## PROBLEM
Needed from the data below: every line from the one with "Arlette Off-Shoulder Top" up to and including the one with "Nike Мужские кроссовки Air Odyssey", repeated exactly and with nothing else.

::::

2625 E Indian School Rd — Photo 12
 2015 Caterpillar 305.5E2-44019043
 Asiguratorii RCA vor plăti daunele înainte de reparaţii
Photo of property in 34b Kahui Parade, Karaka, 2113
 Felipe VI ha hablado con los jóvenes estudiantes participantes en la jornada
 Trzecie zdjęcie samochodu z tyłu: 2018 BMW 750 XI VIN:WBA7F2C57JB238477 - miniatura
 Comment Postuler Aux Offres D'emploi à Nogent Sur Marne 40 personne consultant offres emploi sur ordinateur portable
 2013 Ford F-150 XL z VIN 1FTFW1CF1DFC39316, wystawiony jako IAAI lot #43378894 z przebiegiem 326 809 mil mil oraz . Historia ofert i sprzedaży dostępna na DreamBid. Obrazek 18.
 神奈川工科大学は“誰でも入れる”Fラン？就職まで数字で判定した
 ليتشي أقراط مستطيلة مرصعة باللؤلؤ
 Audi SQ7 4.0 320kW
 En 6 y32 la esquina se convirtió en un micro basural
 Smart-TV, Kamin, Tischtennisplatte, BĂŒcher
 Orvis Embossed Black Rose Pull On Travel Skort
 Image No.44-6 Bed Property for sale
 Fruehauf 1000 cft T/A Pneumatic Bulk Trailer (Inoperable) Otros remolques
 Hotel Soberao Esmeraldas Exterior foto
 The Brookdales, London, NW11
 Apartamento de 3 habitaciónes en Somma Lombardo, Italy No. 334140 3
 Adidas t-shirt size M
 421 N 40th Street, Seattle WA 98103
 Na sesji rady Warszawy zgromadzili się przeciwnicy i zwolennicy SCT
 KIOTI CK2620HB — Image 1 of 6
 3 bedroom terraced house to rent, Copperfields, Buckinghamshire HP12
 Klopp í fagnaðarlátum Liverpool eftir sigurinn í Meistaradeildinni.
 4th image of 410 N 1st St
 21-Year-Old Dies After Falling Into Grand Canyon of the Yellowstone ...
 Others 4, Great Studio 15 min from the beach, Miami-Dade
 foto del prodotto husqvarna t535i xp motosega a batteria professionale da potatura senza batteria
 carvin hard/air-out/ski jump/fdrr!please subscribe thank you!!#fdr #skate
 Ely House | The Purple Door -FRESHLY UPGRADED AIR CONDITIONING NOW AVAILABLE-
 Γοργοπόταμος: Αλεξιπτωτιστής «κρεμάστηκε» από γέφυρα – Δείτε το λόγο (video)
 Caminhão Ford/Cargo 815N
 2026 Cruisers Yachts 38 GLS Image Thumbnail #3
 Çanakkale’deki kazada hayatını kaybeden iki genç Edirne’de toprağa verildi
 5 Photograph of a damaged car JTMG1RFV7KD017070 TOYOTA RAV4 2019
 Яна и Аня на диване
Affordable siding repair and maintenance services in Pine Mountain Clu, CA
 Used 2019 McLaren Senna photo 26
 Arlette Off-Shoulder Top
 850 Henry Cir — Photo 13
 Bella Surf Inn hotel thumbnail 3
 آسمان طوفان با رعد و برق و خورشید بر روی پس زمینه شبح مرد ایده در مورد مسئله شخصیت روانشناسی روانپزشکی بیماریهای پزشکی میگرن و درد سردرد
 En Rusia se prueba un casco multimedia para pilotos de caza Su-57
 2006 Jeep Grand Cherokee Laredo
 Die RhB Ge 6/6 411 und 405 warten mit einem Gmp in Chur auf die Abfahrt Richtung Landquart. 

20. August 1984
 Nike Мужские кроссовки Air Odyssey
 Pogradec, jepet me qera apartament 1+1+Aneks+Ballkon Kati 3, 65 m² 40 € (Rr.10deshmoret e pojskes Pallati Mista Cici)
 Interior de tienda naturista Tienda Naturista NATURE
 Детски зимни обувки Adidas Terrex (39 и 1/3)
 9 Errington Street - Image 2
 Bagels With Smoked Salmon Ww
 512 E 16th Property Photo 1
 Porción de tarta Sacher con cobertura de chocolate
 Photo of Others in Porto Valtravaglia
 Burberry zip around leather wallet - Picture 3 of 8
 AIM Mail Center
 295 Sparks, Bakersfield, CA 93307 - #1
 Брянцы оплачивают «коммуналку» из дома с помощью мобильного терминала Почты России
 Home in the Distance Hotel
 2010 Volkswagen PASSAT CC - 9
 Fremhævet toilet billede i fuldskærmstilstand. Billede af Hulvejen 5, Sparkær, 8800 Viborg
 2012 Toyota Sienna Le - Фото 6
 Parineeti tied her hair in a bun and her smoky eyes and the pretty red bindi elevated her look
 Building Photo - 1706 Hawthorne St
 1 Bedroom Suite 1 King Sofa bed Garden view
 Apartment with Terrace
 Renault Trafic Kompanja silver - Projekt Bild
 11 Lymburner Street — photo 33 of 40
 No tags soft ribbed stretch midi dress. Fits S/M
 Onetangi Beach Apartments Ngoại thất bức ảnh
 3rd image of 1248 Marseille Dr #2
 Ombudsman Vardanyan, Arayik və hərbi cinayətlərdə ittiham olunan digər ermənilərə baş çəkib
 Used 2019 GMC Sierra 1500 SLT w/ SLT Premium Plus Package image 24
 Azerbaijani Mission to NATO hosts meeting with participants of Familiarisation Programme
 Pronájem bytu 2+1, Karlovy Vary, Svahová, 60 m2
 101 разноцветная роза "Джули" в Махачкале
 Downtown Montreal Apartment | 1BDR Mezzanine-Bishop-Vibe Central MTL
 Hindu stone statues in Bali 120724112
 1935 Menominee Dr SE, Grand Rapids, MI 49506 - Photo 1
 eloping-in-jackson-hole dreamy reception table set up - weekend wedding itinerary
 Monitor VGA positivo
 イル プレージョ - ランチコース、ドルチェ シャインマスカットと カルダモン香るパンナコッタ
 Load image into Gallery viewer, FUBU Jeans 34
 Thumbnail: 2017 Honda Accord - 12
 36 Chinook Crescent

::::

## ANSWER FOR THIS EXERCISE
 Arlette Off-Shoulder Top
 850 Henry Cir — Photo 13
 Bella Surf Inn hotel thumbnail 3
 آسمان طوفان با رعد و برق و خورشید بر روی پس زمینه شبح مرد ایده در مورد مسئله شخصیت روانشناسی روانپزشکی بیماریهای پزشکی میگرن و درد سردرد
 En Rusia se prueba un casco multimedia para pilotos de caza Su-57
 2006 Jeep Grand Cherokee Laredo
 Die RhB Ge 6/6 411 und 405 warten mit einem Gmp in Chur auf die Abfahrt Richtung Landquart. 

20. August 1984
 Nike Мужские кроссовки Air Odyssey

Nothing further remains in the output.